Preview: Bryan Cranston
His performance was cut from “Amazon Women on the Moon.” He made hemorrhoid ointment commercials and did the soaps. He was even stung by a bee on a private part while filming a silly “Malcolm in the Middle” episode. This was Bryan Cranston’s life before he broke out in the hit TV show “Breaking Bad.” Now, things keep getting better for the man acclaimed for playing the chemistry teacher-turned drug lord Walter White. Cranston talks to Steve Kroft about his life before and after making it big for a 60 Minutes profile Sunday, Oct. 9 at 7:30 p.m. ET and 8 p.m. PT.
The kudos he won for his Emmy-winning stint in “Breaking Bad” led to opportunities to win a Tony and get nominated for an Oscar. “It’s surprising for an old journeyman actor,” says the 60-year-old Cranston. Stardom wasn’t expected, he says. “The things you want professionally are opportunities and through good fortune, that’s what happened, opportunity has come to me,” he tells Kroft.

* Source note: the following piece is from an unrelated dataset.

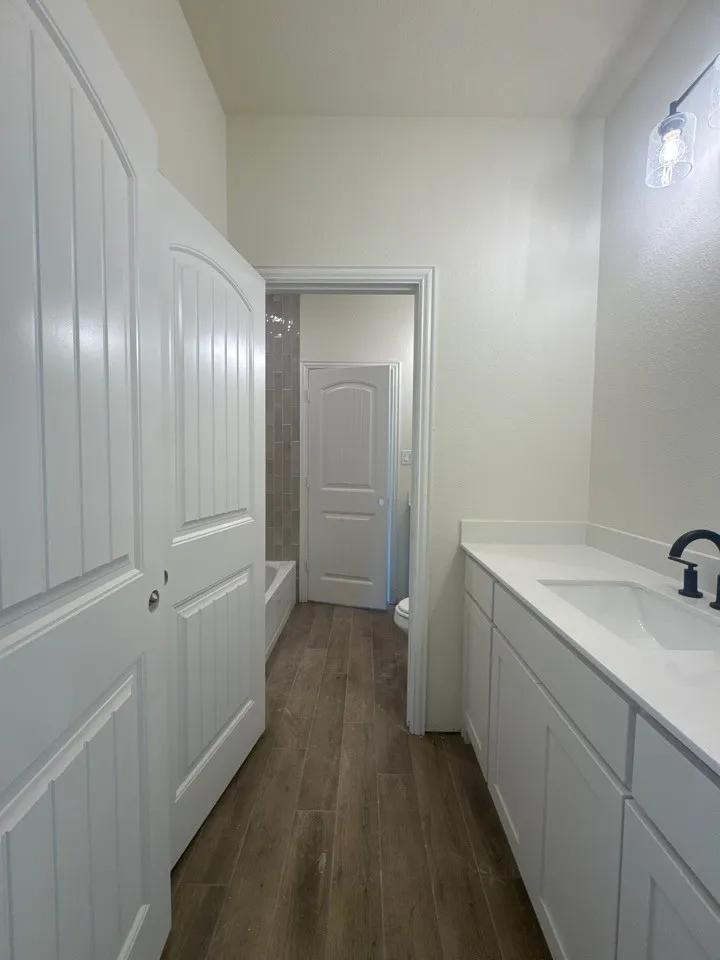 Wood-finish flooring extending through the space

The Oscar nomination was for his leading role in “Trumbo.” He won his Tony for nailing the role of Lyndon Johnson in an ambitious play about the 36th president. “[Johnson] was Shakespearean in size...that’s a big bite to take and it scares me a little bit...I realized, ‘Oh, this is an enormous play and it almost all me...’ I started to panic.”
But he didn’t panic when a scene in “Malcolm in the Middle,” the fairly successful sitcom that he acted in before “Breaking Bad,” called for the actor to be covered in bees. “There was 75,000 of them,” he recalled. But he still got stung - in the worst place. “In one of the boys down below. Very sensitive. The beekeeper went, ‘Sorry. I’ll help you anywhere else, but I’m sorry.’”
“Malcolm in the Middle” ran for seven seasons before it was cancelled. It turned out to be his lucky break, however. “’Had Malcolm in the Middle’” been picked up, I would not have been available for the pilot of ‘Breaking Bad’ and right now, someone else would be sitting in this chair talking to you. Not me,” Cranston tells Kroft.
Kroft and 60 Minutes cameras visited him on the set of “Sneaky Pete,” a crime series he was filming for Amazon Prime. As Kroft reports, Cranston is the series’ co-creator, director, executive producer and acts in the drama. “I do force myself to sleep with myself to get the job. But that’s always a disappointment,” quipped Cranston.